**ACTIVITY**.
Where the line containing "6 plus 0 equals" appears, start repeating, and continue exactly through the last line below, adding nothing. Include no pictures.
:: DATASET SECTION ::
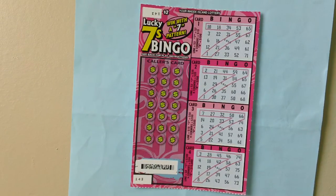This is the two dollar Lucky Seven Bingo stretch ticket, Rhode Island Lucky Seven Bingo. This ticket is number one four three.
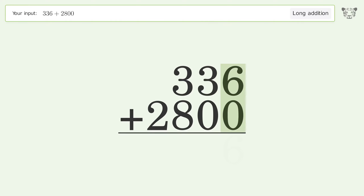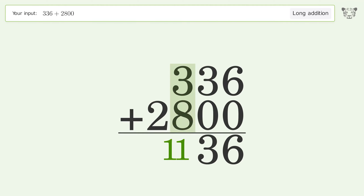6 plus 0 equals 6. 3 plus 0 equals 3. 3 plus 8 equals 11 — carry 1 to the thousands place.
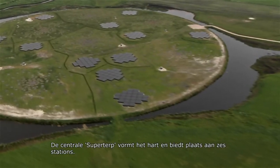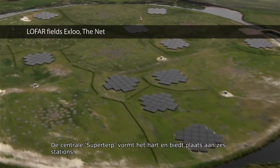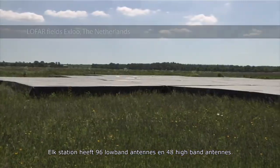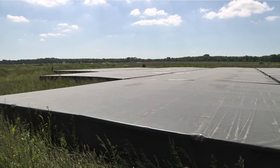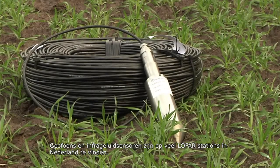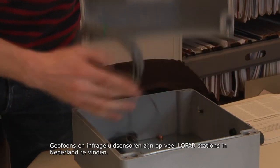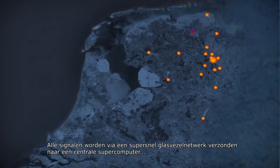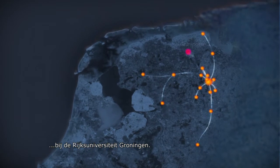At its heart, the central SuperTherp is located, which hosts six stations. Each station has 96 low-band antennas and 48 high-band antennas. Geophones and infrasound sensors can also be found on many LOFAR stations in the Netherlands. All signals are sent through a high-speed glass-fibre network to a central processing facility at the University of Groningen's Computer Centre.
:::
**YOUR RESPONSE**.
6 plus 0 equals 6. 3 plus 0 equals 3. 3 plus 8 equals 11 — carry 1 to the thousands place.
At its heart, the central SuperTherp is located, which hosts six stations. Each station has 96 low-band antennas and 48 high-band antennas. Geophones and infrasound sensors can also be found on many LOFAR stations in the Netherlands. All signals are sent through a high-speed glass-fibre network to a central processing facility at the University of Groningen's Computer Centre.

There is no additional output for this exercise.